Knapsack Problem

1. Problem definition

Knapsack problem is defined as
$$\begin{aligned} \max \quad & \langle c, x\rangle\\ \text{s.t.} \quad & \langle 1, x\rangle =b\\ \quad & x\in [0, \overline x] \end{aligned}$$
Without loss of generality, we assume that $c$ is sorted, i.e. $c_1\geq c_2 \geq ....\geq c_n>0$. The solution of this problem has a closed form solution.
Let $k$ be the largest index so that
$$\gamma_k := \sum_{i=1, k} \overline x_i \leq b$$
Then the optimal solution $x^\star$ can be characterized by $k$,
$$\begin{aligned} x^\star_i = \begin{cases} \overline x_i & \text{ if } i\leq k\\ b - \gamma_k & \text{ if } i= k+1\\ 0 & \text{ otherwise} \end{cases} \end{aligned}$$

The following figure demonstrates a solution of Knapsack problem.

2. Property of Knapsack

Let $\overline b = \sum_{i=1,n} \overline x$. It is clear that the Knapsack problem is feasible iff $b\in [0, \overline b]$. Let $f(b)$ be the maximum value of above Knapsack problem parameterized by $b$. Then we have the following theorem characterizes the function $f$

Theorem. The optimal value of knapsack problem $f$ is a piecewise linear increasing concave function of budget parameter $b \in [0, \overline b]$.
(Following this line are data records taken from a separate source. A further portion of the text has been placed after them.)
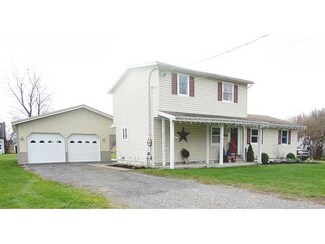 10546 Maple Ridge Rd, Medina, NY 14103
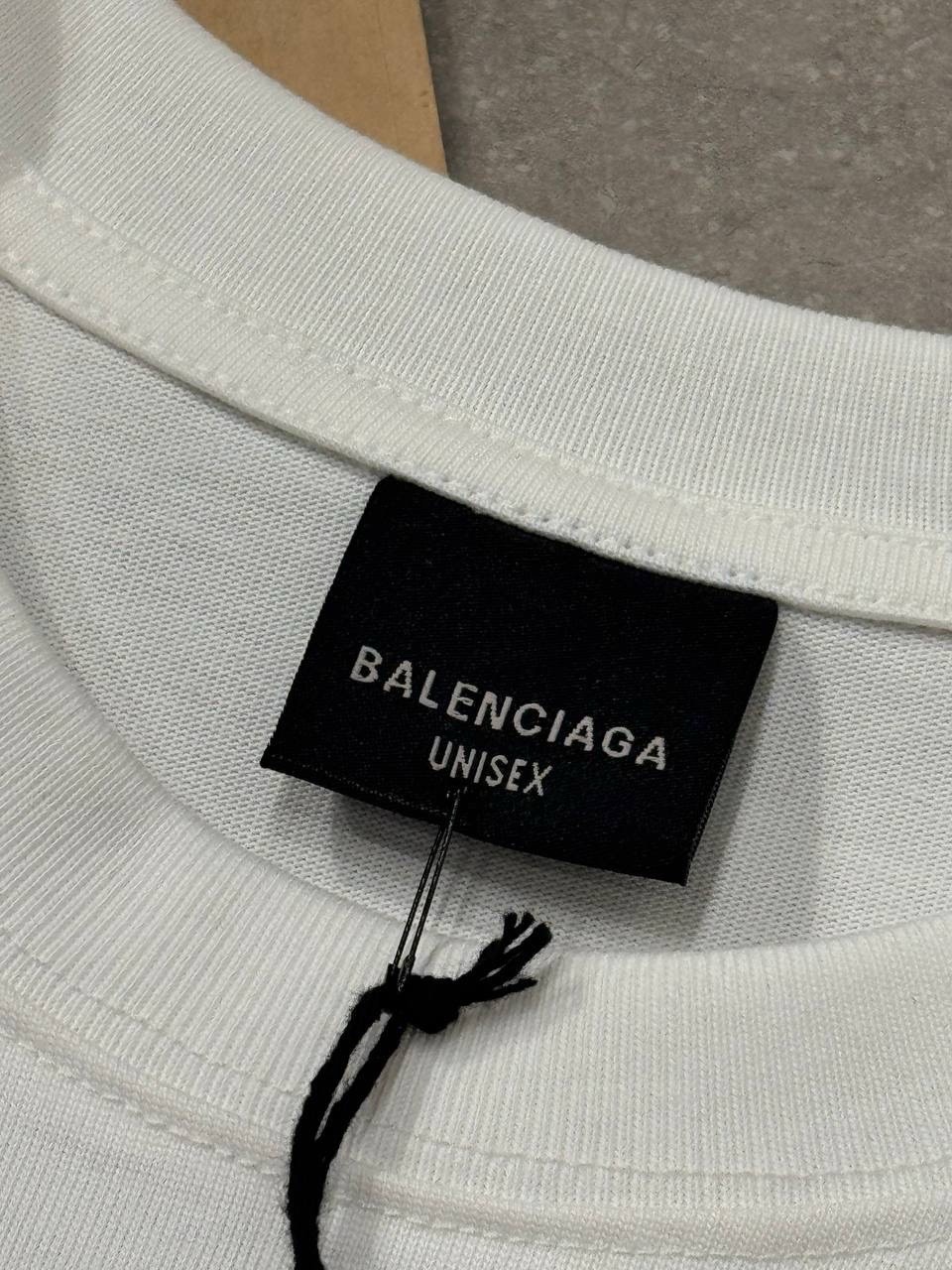 Футболка Balenciaga — фото 9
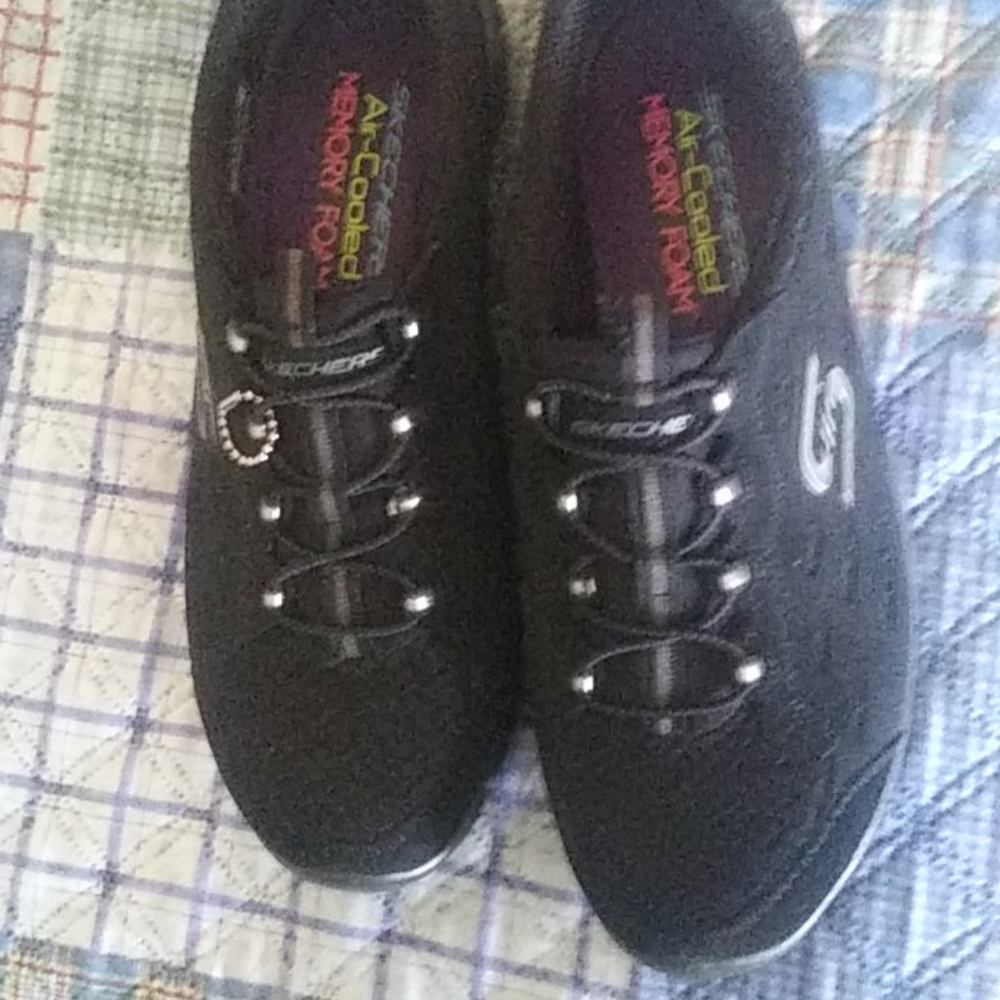 Skechers Women's Gratis size 8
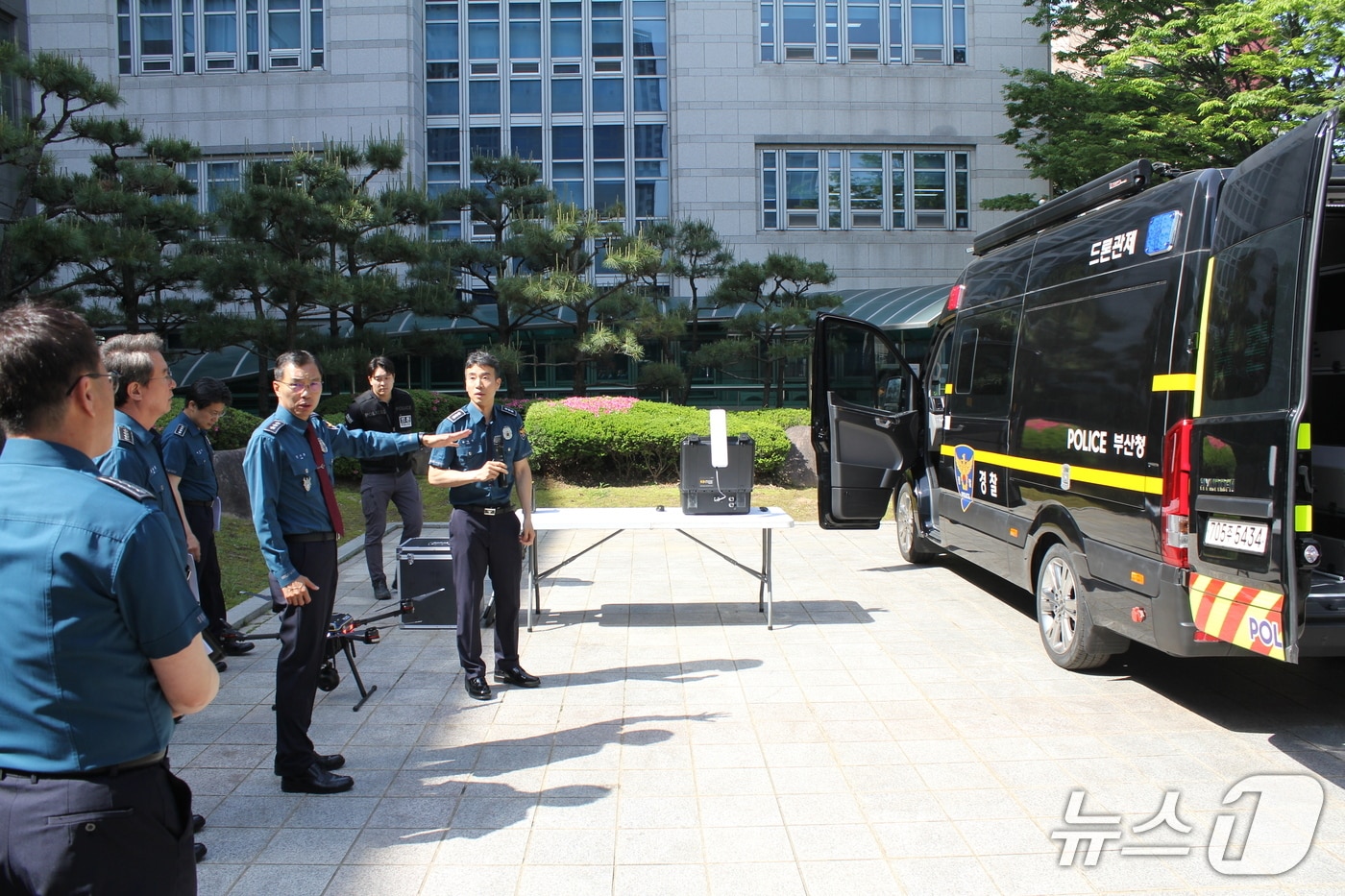 19일 부산경찰청에서 드론 영상 관제차량 시연회가 진행되고 있다.(부산경찰청 제공. 재판매 및 DB 금지회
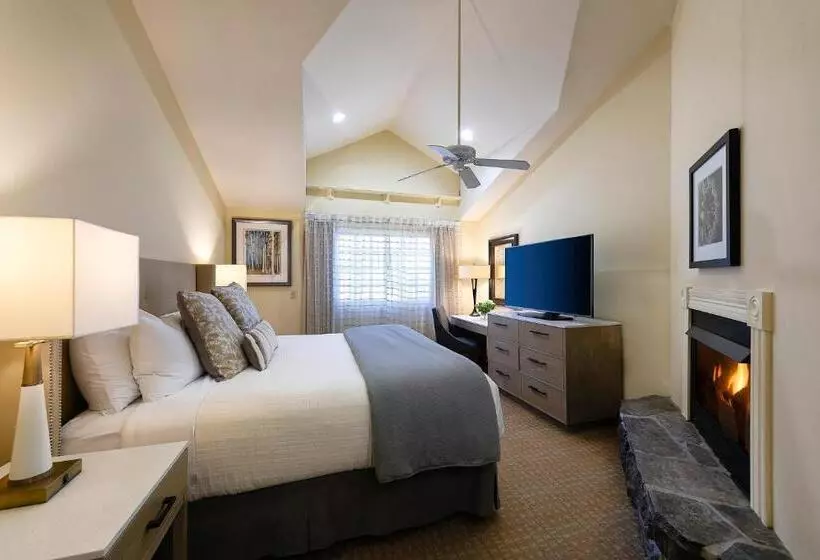 اتاق استاندارد با تخت بزرگ, Pelican Inn & Suites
Moreover, the breakpoints of $f$ are $\gamma_k$ defined as above. On $[\gamma_{k-1}, \gamma_{k}]$, the slope of $f$ is $c_k$, which forms a decreasing sequence, thus $f$ is concave. The following figure demonstrates the graph of $f$.

3. Code

# 1. solving knapsack
import numpy as np 
np.random.seed(123)

n = 10
c = - np.sort(-np.random.rand(n)) # cost coefficients with decreasing order
xbar = np.random.rand(n) # bounds of x
lbd = 0.61 # parameter of b
b = lbd * xbar.sum() # budget

def knapsack(c, xbar, b):
	# c is sorted in decreasing order 
	# b <= sum(xbar)
	xopt = np.zeros_like(xbar) 
	gamma = 0 
	for i in range(n):
		gamma += xbar[i] 
		xopt[i] = xbar[i]
		if gamma >b:
			gamma -= xbar[i] 
			xopt[i] = b - gamma
			break
	return xopt
    
xopt = knapsack(c, xbar, b)
print("opt solution is", xopt)
print("check sum(xopt) = b, result is", np.abs(xopt.sum() - b)<1e-6)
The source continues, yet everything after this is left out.